Exercise brief:
Print the line containing "Toilette vor einer", then every line after it through the end of the material, exactly as written and without pictures.

Input data:

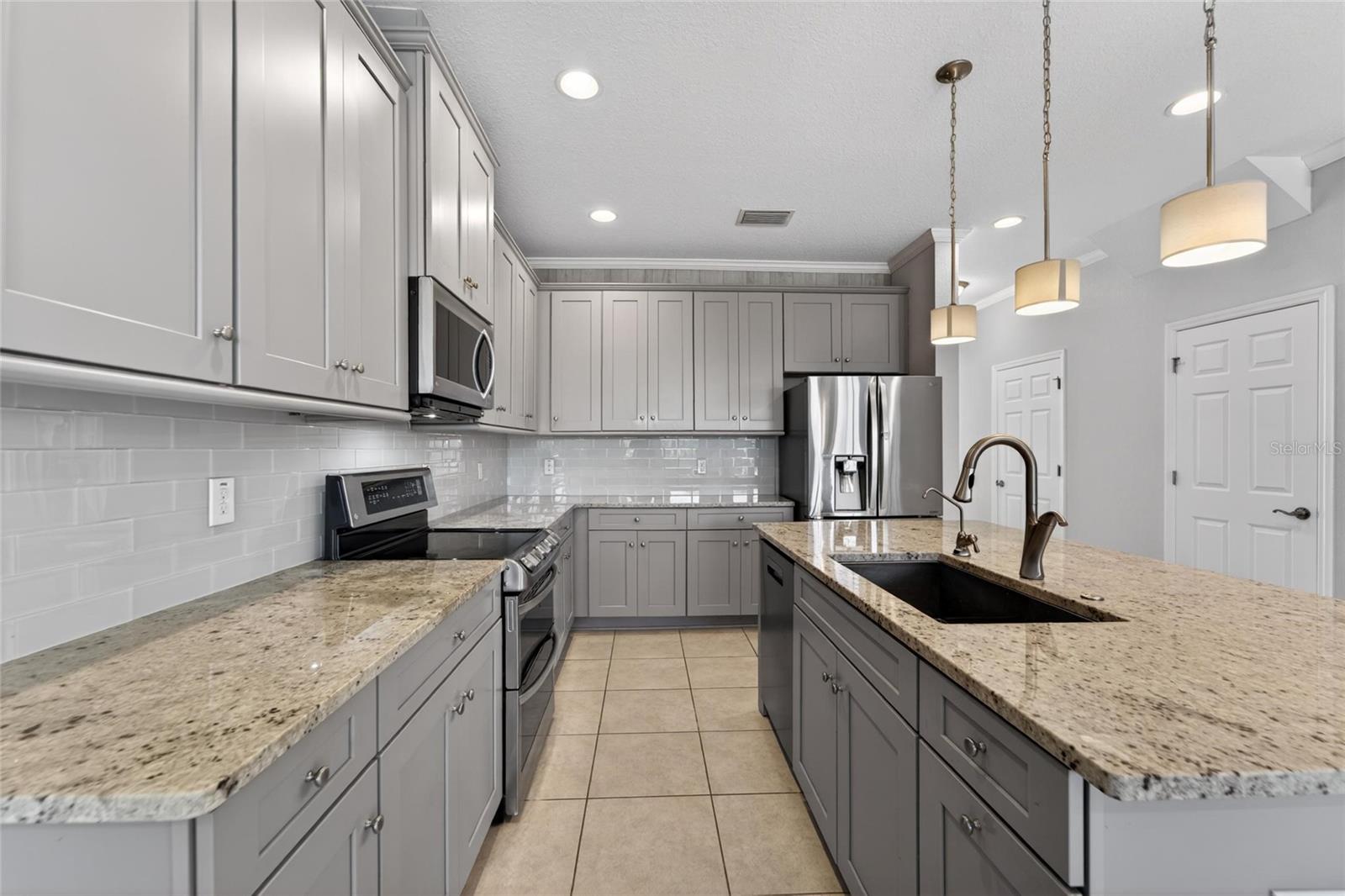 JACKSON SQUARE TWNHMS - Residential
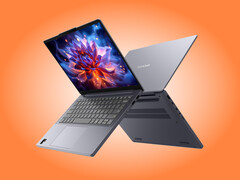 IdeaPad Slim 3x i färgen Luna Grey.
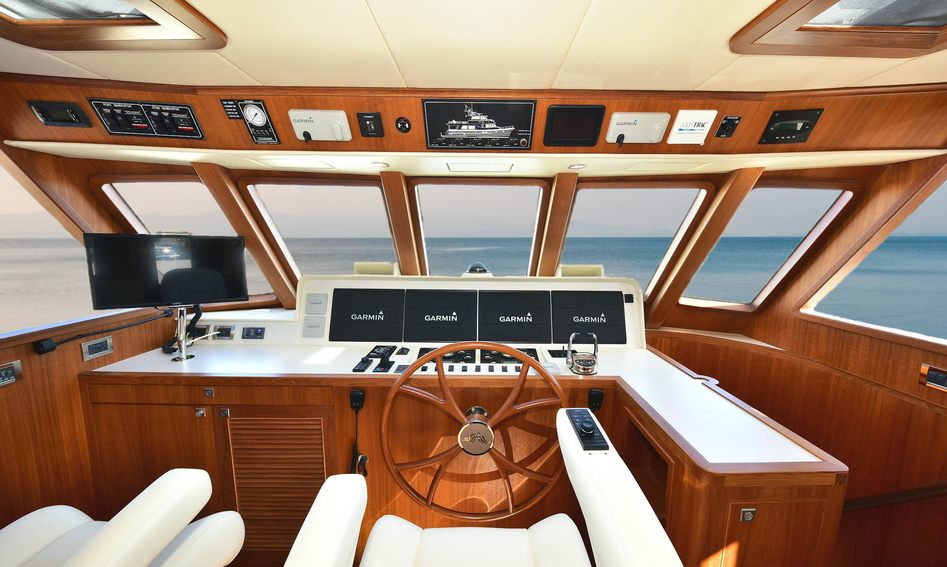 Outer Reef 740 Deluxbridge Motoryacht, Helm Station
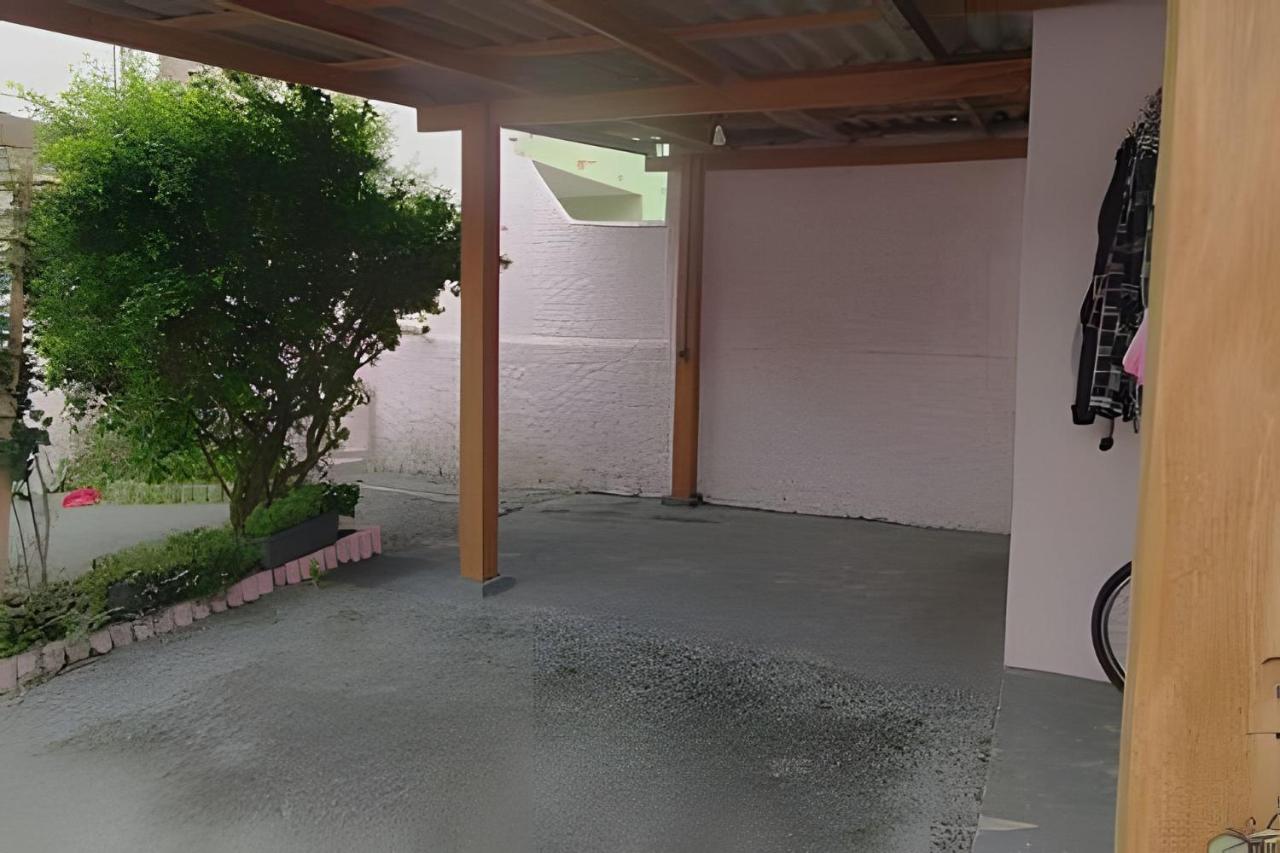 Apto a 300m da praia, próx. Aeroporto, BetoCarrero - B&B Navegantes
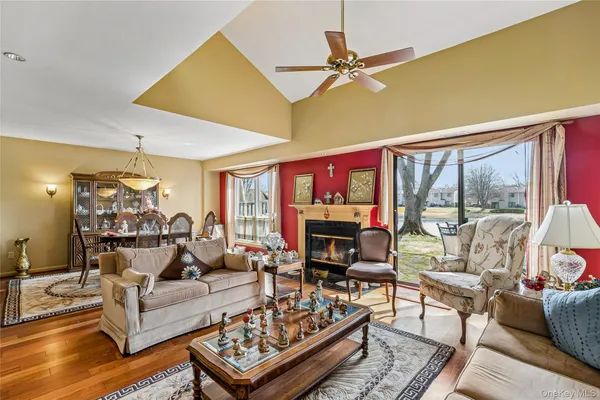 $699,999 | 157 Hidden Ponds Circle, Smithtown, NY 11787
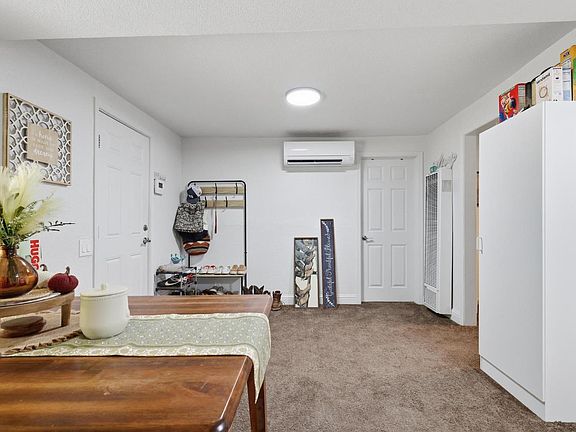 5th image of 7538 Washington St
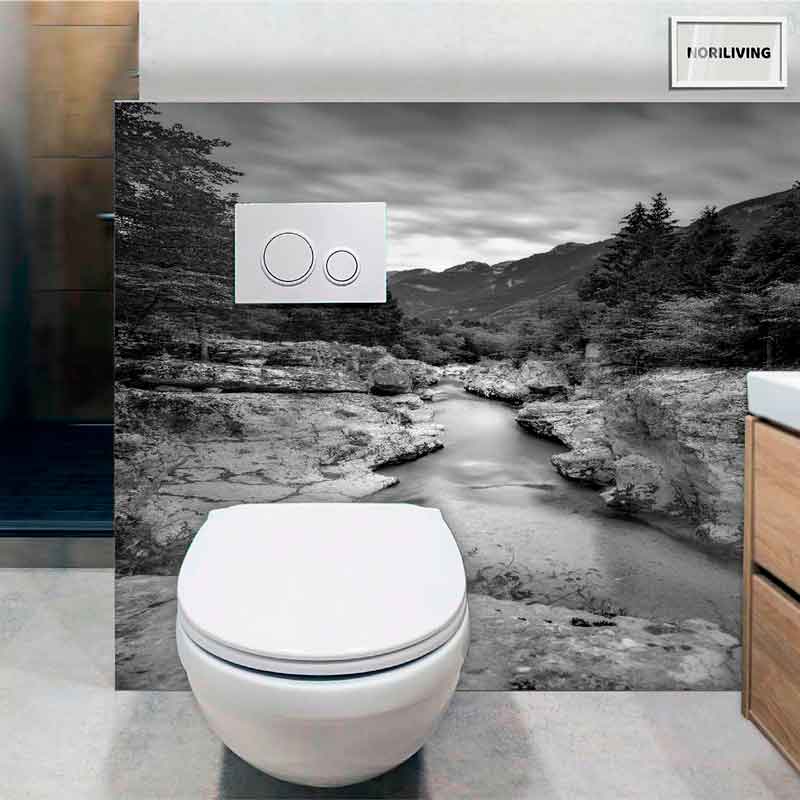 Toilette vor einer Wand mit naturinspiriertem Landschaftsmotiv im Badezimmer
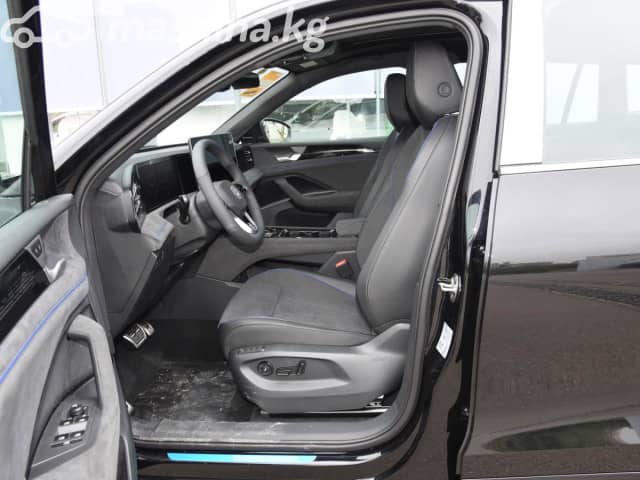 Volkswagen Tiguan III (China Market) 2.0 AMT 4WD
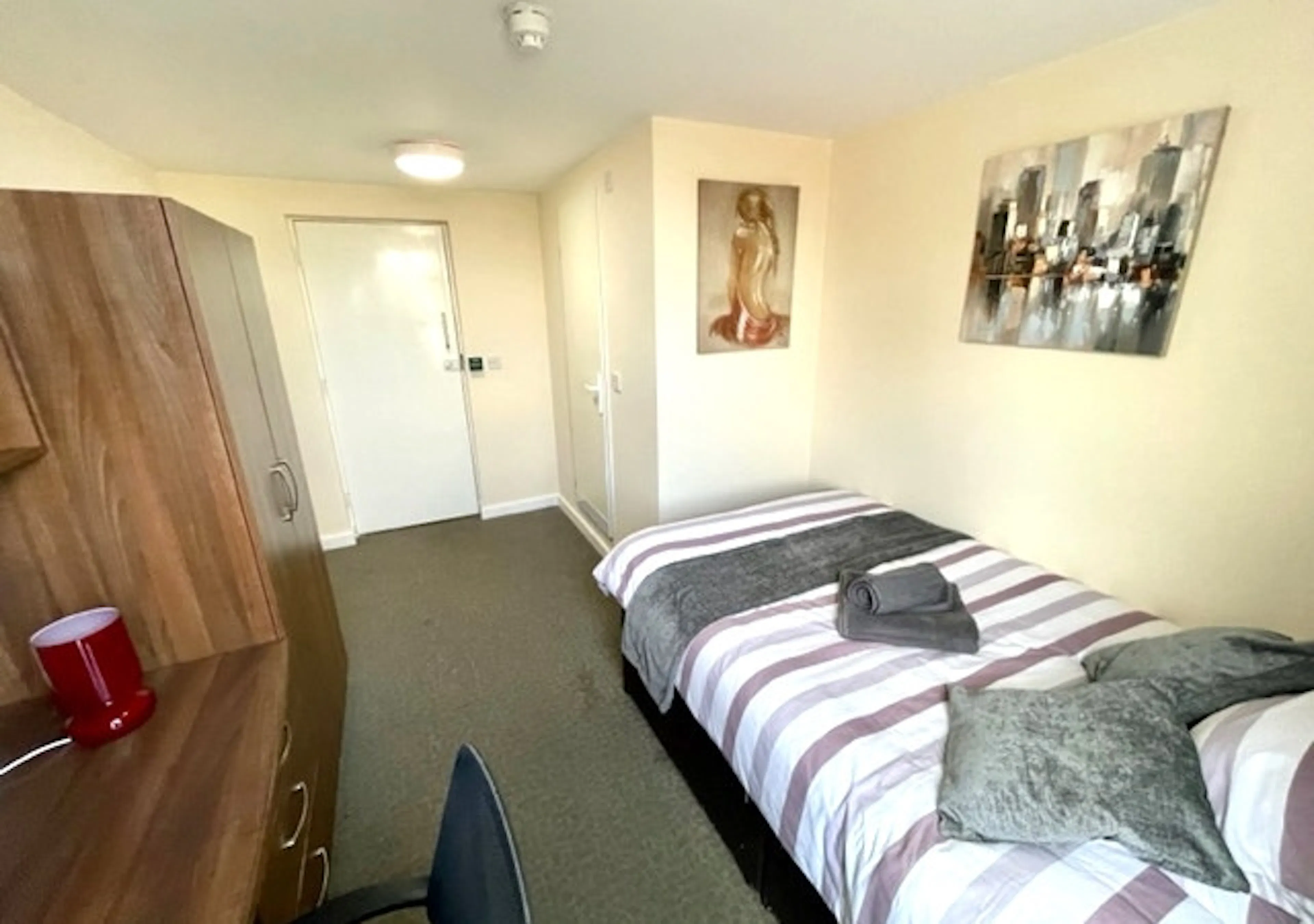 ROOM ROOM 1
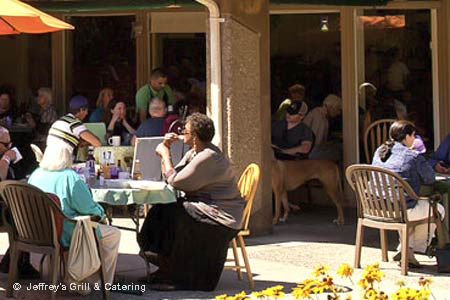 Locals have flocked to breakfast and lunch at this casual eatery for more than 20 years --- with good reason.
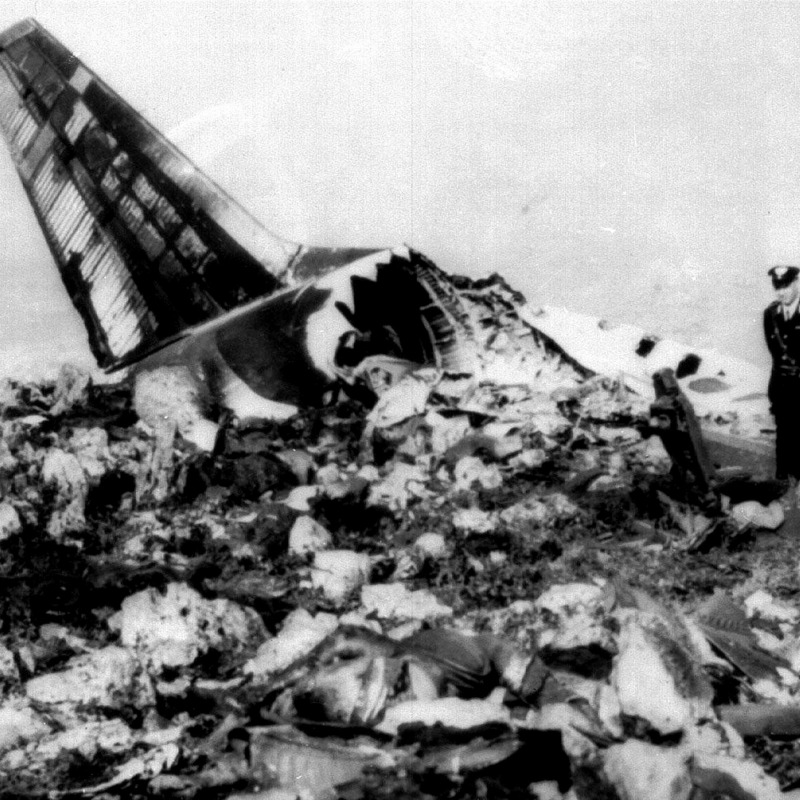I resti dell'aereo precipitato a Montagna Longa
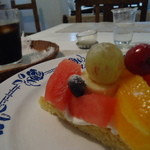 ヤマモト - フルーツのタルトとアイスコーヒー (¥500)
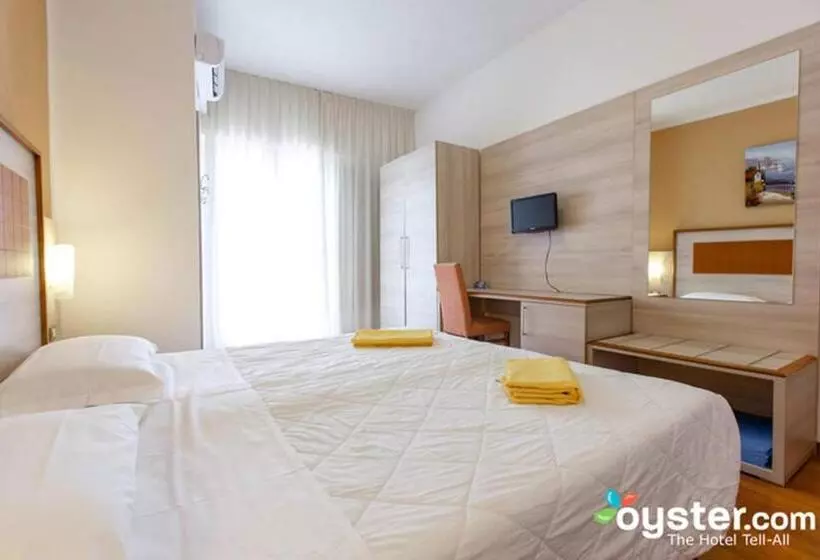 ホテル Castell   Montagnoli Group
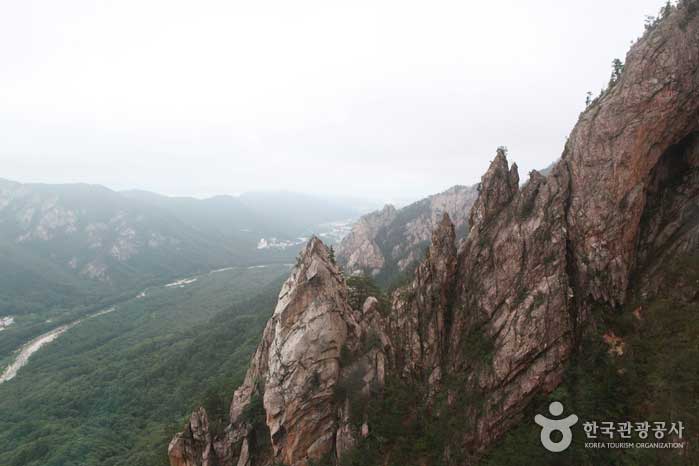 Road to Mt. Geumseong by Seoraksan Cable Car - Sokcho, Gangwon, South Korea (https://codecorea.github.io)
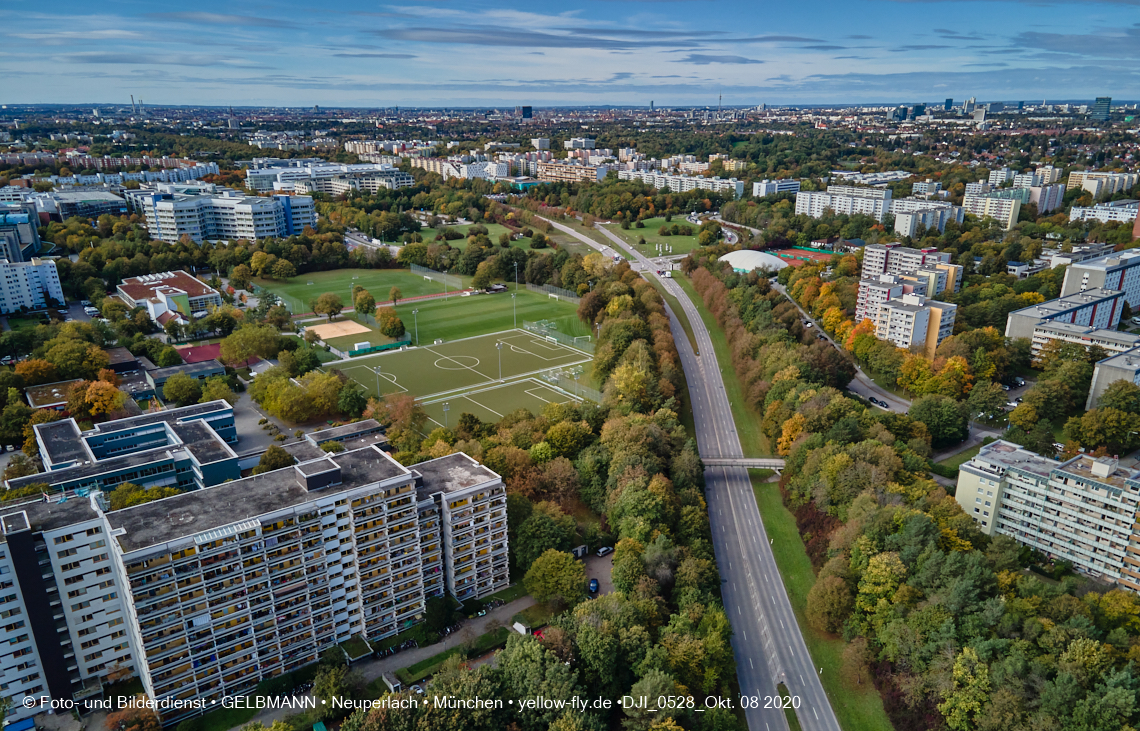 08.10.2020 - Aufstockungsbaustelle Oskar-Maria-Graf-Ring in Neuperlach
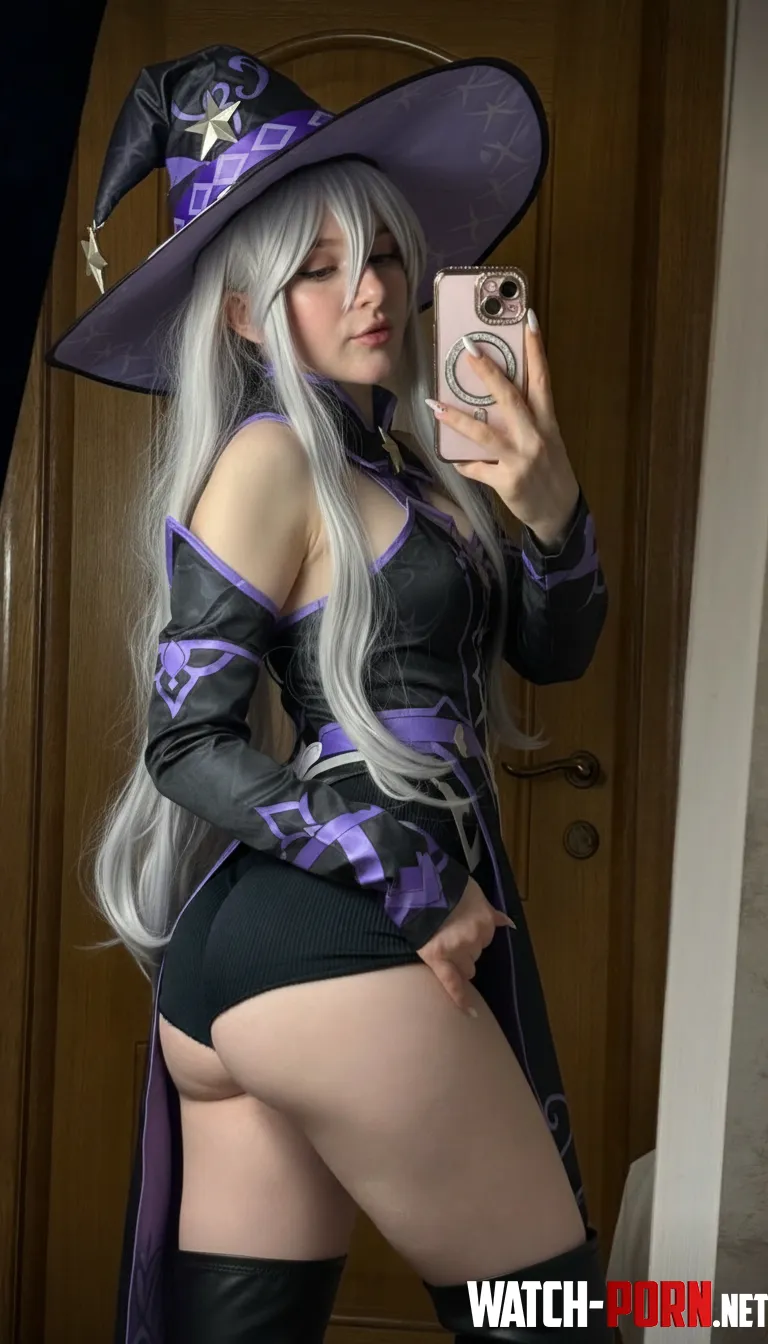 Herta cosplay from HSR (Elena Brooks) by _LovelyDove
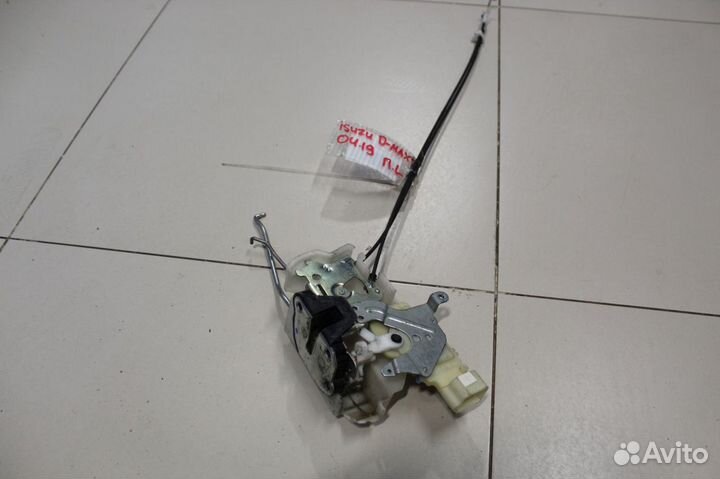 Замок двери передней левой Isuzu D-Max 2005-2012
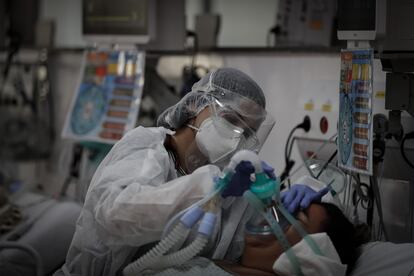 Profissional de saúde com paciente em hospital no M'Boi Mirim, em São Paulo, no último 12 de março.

Result for this exercise:
 Toilette vor einer Wand mit naturinspiriertem Landschaftsmotiv im Badezimmer
 Volkswagen Tiguan III (China Market) 2.0 AMT 4WD
 ROOM ROOM 1
 Locals have flocked to breakfast and lunch at this casual eatery for more than 20 years --- with good reason.
I resti dell'aereo precipitato a Montagna Longa
 ヤマモト - フルーツのタルトとアイスコーヒー (¥500)
 ホテル Castell   Montagnoli Group
 Road to Mt. Geumseong by Seoraksan Cable Car - Sokcho, Gangwon, South Korea (https://codecorea.github.io)
 08.10.2020 - Aufstockungsbaustelle Oskar-Maria-Graf-Ring in Neuperlach
 Herta cosplay from HSR (Elena Brooks) by _LovelyDove
 Замок двери передней левой Isuzu D-Max 2005-2012
 Profissional de saúde com paciente em hospital no M'Boi Mirim, em São Paulo, no último 12 de março.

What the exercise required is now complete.